Researchers extend the life of a dipolar molecule
In 2018, Kang-Kuen Ni and her lab earned the cover of Science with an impressive feat: They took two individual atoms, a sodium and a cesium, and forged them into a single dipolar molecule, sodium cesium.
Sodium and cesium normally ignore each other in the wild; but in the Ni lab's carefully calibrated vacuum chamber, she and her team captured each atom using lasers and then forced them to react, a capability that gifted scientists with a new method to study one of the most basic and ubiquitous processes on Earth: the formation of a chemical bond. With Ni's invention, scientists could not only discover more about our chemical underpinnings, they could start creating bespoke molecules for novel uses like qubits for quantum computers.
But there was one flaw in their original sodium cesium molecule: "That molecule was lost soon after it's made," said Ni, the Morris Kahn associate professor of chemistry and chemical biology and of physics. Now, in a new study published in Physics Review Letters, Ni and her team report a new feat: They granted their molecule an extended lifetime of up to almost three and a half seconds—a luxury of time in the quantum realm—by controlling all the degrees of freedom (including its motion) of an individual dipolar molecule for the first time.

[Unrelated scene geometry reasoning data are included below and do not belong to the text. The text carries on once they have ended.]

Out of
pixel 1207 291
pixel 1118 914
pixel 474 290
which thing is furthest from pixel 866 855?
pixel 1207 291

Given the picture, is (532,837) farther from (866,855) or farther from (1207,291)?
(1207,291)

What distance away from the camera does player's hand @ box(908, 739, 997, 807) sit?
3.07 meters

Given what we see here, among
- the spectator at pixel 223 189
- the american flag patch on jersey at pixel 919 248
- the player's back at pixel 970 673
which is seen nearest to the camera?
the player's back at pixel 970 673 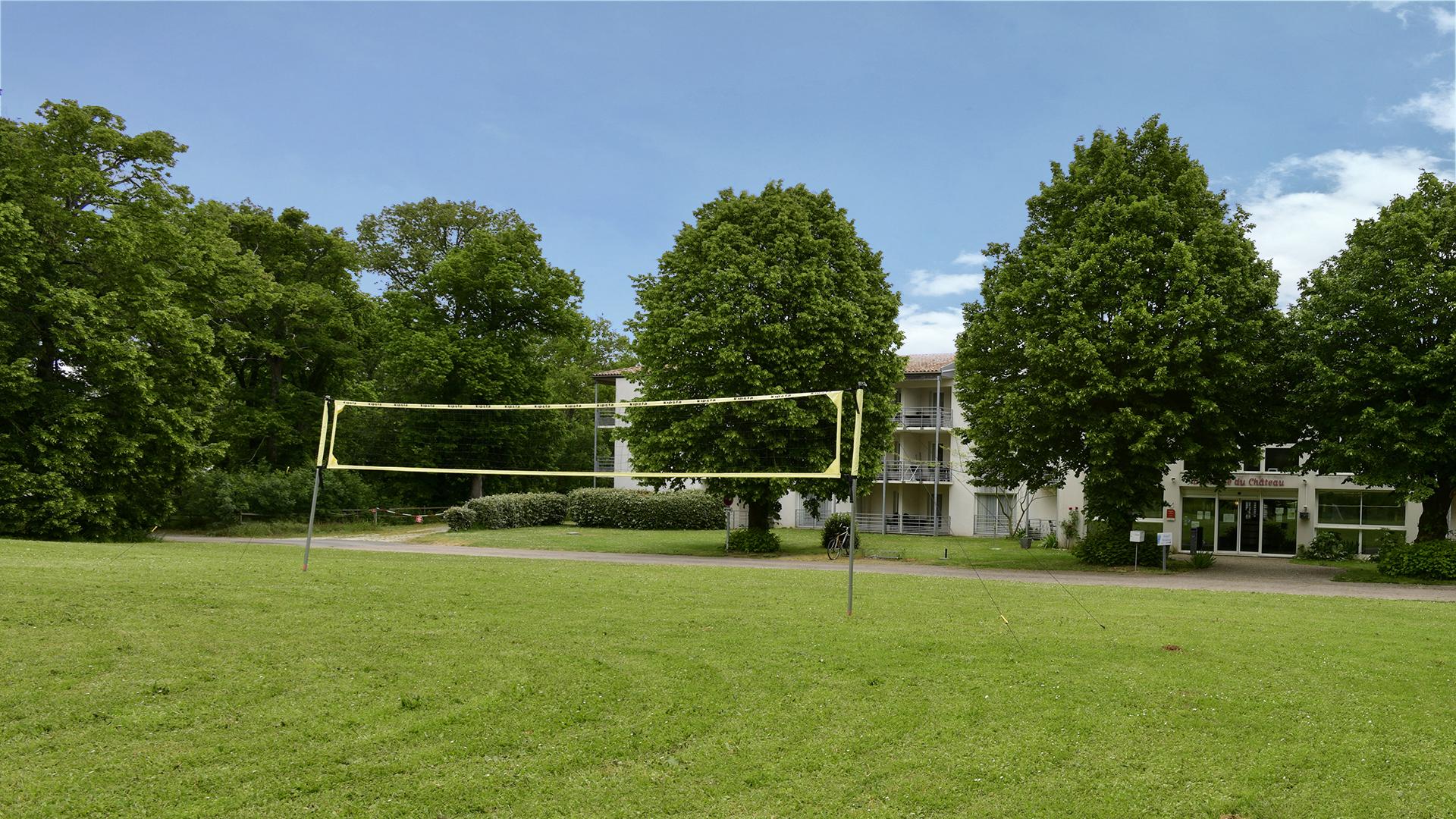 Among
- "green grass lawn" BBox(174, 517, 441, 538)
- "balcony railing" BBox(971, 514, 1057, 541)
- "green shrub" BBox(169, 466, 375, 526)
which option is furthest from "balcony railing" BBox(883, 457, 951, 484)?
"green shrub" BBox(169, 466, 375, 526)

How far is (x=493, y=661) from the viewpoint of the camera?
368 inches

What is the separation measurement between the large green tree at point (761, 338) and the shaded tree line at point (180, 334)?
13223 mm

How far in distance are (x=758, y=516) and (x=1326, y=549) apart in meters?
19.3

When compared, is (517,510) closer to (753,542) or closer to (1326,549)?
(753,542)

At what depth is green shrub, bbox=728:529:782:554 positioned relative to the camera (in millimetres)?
30469

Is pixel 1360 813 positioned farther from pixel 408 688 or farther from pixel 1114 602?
pixel 1114 602

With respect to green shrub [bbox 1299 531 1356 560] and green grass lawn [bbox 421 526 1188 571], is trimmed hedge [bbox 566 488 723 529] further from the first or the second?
green shrub [bbox 1299 531 1356 560]

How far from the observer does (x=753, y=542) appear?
100ft

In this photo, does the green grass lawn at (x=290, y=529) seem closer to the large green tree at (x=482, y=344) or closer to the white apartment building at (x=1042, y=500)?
the large green tree at (x=482, y=344)

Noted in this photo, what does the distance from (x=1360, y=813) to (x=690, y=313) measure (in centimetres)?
2378

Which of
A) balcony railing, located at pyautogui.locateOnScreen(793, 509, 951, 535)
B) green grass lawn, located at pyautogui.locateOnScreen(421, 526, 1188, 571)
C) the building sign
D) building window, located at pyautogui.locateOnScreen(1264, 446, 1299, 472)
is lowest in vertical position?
green grass lawn, located at pyautogui.locateOnScreen(421, 526, 1188, 571)

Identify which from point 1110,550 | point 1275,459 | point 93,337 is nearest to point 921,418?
point 1275,459

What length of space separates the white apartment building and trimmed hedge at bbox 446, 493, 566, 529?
5629mm

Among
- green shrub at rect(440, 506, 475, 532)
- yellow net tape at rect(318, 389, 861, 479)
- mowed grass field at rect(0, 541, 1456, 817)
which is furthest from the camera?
Answer: green shrub at rect(440, 506, 475, 532) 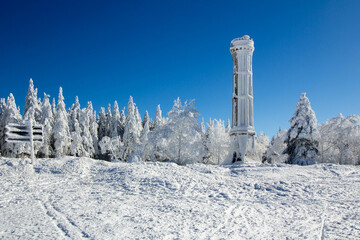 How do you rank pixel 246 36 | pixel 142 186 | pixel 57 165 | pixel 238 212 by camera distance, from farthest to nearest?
pixel 246 36 → pixel 57 165 → pixel 142 186 → pixel 238 212

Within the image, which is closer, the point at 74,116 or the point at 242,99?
the point at 242,99

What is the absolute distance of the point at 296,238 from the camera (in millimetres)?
7102

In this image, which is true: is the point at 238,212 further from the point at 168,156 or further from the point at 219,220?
the point at 168,156

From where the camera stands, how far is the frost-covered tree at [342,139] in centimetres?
3450

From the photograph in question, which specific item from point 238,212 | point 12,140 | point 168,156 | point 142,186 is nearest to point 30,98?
point 168,156

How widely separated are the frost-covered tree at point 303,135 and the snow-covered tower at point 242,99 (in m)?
8.81

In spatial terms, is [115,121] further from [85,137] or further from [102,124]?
[85,137]

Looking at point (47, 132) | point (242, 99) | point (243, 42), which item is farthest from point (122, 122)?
point (243, 42)

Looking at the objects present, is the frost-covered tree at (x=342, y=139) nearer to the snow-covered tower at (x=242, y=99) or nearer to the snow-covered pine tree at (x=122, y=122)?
the snow-covered tower at (x=242, y=99)

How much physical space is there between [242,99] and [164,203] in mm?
15984

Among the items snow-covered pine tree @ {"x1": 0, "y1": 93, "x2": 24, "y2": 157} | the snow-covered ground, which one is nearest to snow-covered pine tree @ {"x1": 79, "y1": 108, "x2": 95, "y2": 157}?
snow-covered pine tree @ {"x1": 0, "y1": 93, "x2": 24, "y2": 157}

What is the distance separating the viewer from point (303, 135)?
29703 mm

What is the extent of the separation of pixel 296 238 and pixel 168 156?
81.7ft

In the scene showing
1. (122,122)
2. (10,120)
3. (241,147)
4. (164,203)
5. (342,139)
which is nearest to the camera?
(164,203) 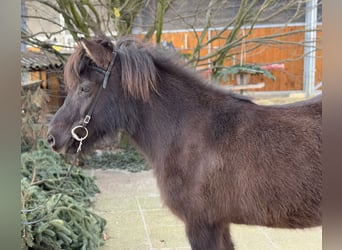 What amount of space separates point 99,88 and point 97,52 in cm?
21

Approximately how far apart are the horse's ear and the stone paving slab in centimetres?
119

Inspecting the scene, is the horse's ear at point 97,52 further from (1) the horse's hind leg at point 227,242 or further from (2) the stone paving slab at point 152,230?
(1) the horse's hind leg at point 227,242

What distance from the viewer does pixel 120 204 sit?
15.3 ft

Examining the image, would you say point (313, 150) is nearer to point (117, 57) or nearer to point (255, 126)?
point (255, 126)

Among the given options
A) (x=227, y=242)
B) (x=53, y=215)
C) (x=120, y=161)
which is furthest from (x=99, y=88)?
(x=120, y=161)

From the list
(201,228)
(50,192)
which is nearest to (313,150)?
(201,228)

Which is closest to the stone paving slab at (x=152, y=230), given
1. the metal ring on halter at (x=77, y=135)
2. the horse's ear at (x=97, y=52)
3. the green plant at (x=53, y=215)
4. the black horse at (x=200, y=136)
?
the green plant at (x=53, y=215)

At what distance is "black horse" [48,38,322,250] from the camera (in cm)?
203

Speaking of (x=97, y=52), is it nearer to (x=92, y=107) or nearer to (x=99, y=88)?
(x=99, y=88)

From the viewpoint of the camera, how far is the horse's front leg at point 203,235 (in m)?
2.13

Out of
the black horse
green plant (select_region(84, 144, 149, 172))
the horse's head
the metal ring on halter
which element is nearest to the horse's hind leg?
the black horse

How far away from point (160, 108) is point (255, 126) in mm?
571

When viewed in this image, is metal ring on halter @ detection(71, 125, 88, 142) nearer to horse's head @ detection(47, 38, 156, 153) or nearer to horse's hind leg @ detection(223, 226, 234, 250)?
horse's head @ detection(47, 38, 156, 153)

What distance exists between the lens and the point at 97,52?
2170mm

During those precious seconds, the researchers can maintain the full quantum control necessary for stable qubits, the building blocks for a wide variety of exciting quantum applications.
According to the paper, "These long-lived, fully quantum state-controlled individual dipolar molecules provide a key resource for molecule-based quantum simulation and information processing." For example, such molecules could accelerate progress toward quantum simulation of new phases of matter (faster than any known computer), high-fidelity quantum information processing, precision measurements, and basic research in the field of cold chemistry (one of Ni's specialties).
And, by forming obedient molecules in their quantum ground states (basically, their simplest, most pliant form), the researchers created more reliable qubits with electric handles, which, like the magnetic handles of a magnet, allow researchers to interact with them in new ways (for example, with microwaves and electric fields).
Next, the team is working on scaling their process: They plan to assemble not just one molecule from two atoms but force larger collections of atoms to interact and form molecules in parallel. In so doing, they can also start to perform long-range entanglement interactions between molecules, the basis for information transfer in quantum computing.
"With the addition of microwave and electric field control," said Ni, "molecular qubits for quantum computing applications and simulations that further our understanding of quantum phases of matter are within experimental reach."